Make collected statistics a lot easier and far more
reliable than other methods

Collecting speed statistics is as easy as pulling the trigger on your laser.

Using laser measurement technology for speed assessments, vehicle counting or to conduct spot surveys in problem areas make collecting statistics a lot easier and far more reliable than other methods. Our LaserSoft® SpeedStat software is a quick and easy solution to record traffic statistics and integrates seamlessly with LTI 20/20 laser speed devices. Quickly respond to complaints about a particular problem area without any extra set-up.

If you require high volume traffic data and want to collect it automatically, we have an automated speed sensor with an adjustable range that filters out any interference outside your predetermined distances.

 

Testimonial

Deputy Sheriff Tim Entner of Ramsey County, NM was recently asked to follow up on a community complaint about excessive speeding through a residential area. Entner decided to try a new speed statistic software program, LaserSoft® SpeedStat, which integrates with his LTI 20/20 UltraLyte speed laser. Every time the speed laser fires, the speed, time and direction of the vehicle is recorded in the software.

In the past, Entner used counting tubes to collect traffic counts and speeds, which required tubes to be nailed down into asphalt. This caused limitations as to where the tubes could be installed. In some cases, this also defeated the purpose of capturing an accurate speed assessment, due to traffic slowing down after seeing the tubes ahead.

 

“SpeedStat allows me to collect traffic statistics anytime, anywhere—without any setup time.”

 

“SpeedStat allows me to collect traffic statistics anytime, anywhere—without any setup time,” Tim Entner explains. “I also like how I am physically there, collecting the data, because it makes me more confident about the accuracy of the data I’m collecting.” During a 2-hour period, Entner was able to collect 364 vehicle speeds, using the SpeedStat program.

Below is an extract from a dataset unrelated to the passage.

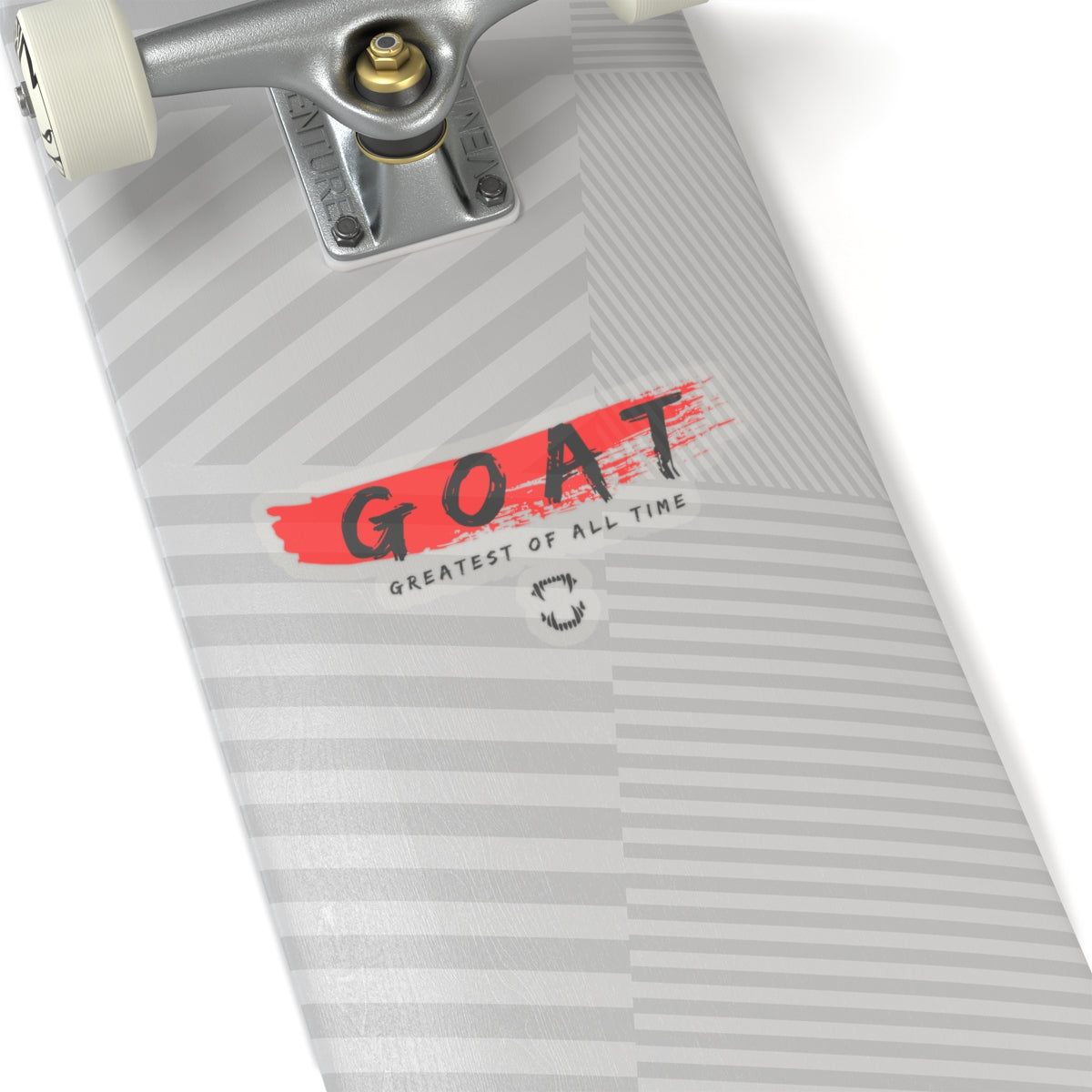 GFWP "GOAT" Cut Stickers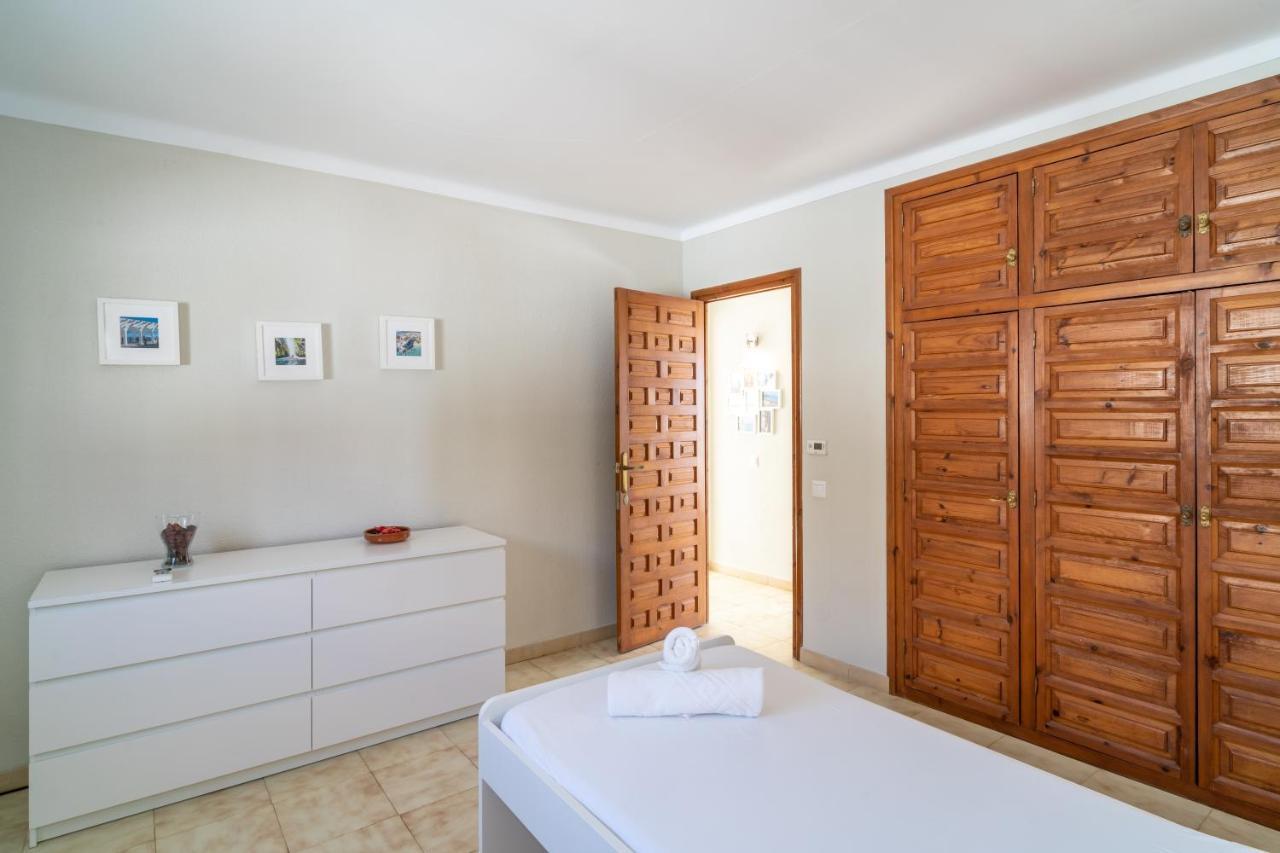 Villa Kenny Private Pool Casasol Nerja Ngoại thất bức ảnh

Reports and graphs were then created from the spot assessment and submitted to the city council and manager along with the recommended speed limit. After witnessing the traffic flow of the area and evaluating the collected statistics, Entner actually recommended raising the speed limit from 20 mph to 25 mph. Entner also reported that he uses SpeedStat as a log sheet for court testimony when he actively pulls over vehicles for speeding.